### Data section
┄┄┄┄┄┄┄┄┄┄┄┄┄┄┄┄┄┄┄┄
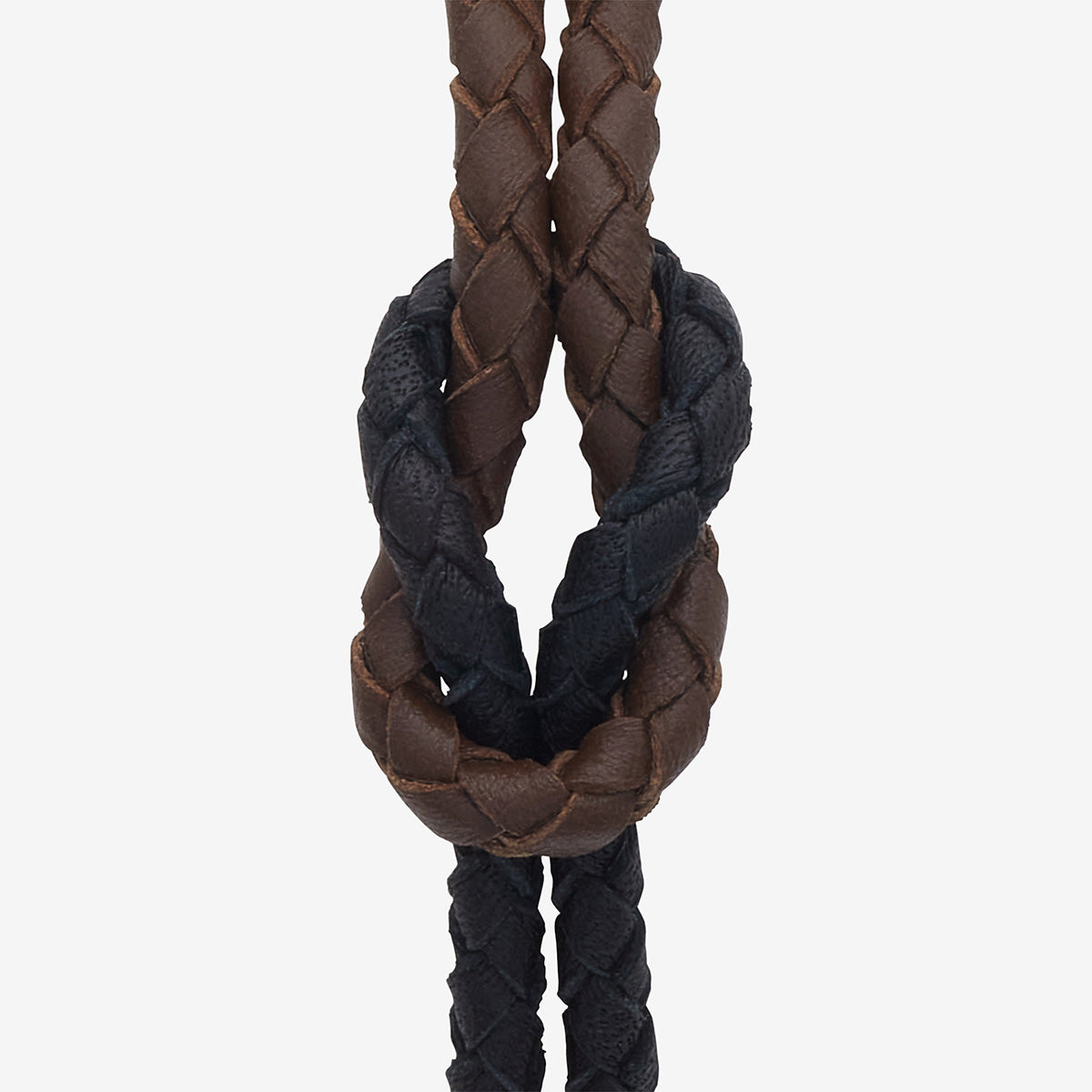 LASH Marine Knot & Double Leather Bracelet, Black, Brown Leather-Close View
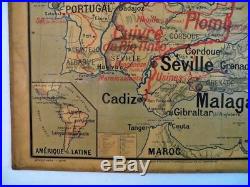 Exceptionnel! Carte scolaire Vidal Lablache Espagne Portugal Tirage 1 ca 1893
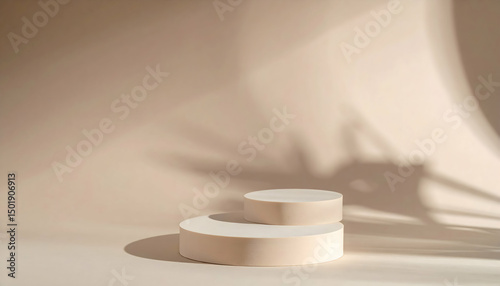 Beige Cylindrical Platforms Product Display Mockup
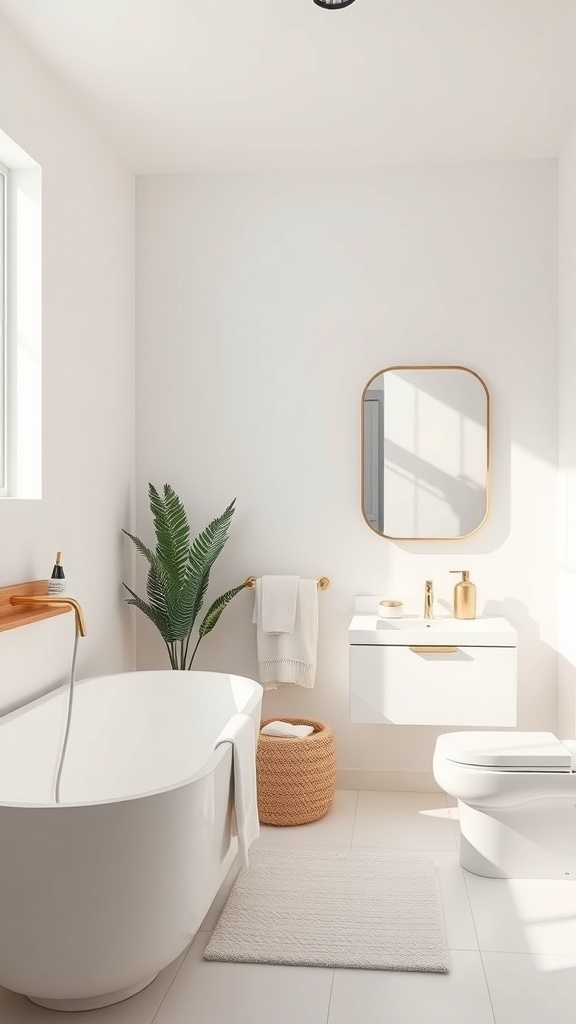 A minimalist small bathroom featuring a white bathtub, wooden shelf, green plant, and gold accents.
┄┄┄┄┄┄┄┄┄┄┄┄┄┄┄┄┄┄┄┄
### How to complete this task
Copy the listing over exactly, skipping the pictures it holds.

### Answer
 LASH Marine Knot & Double Leather Bracelet, Black, Brown Leather-Close View
 Exceptionnel! Carte scolaire Vidal Lablache Espagne Portugal Tirage 1 ca 1893
 Beige Cylindrical Platforms Product Display Mockup
 A minimalist small bathroom featuring a white bathtub, wooden shelf, green plant, and gold accents.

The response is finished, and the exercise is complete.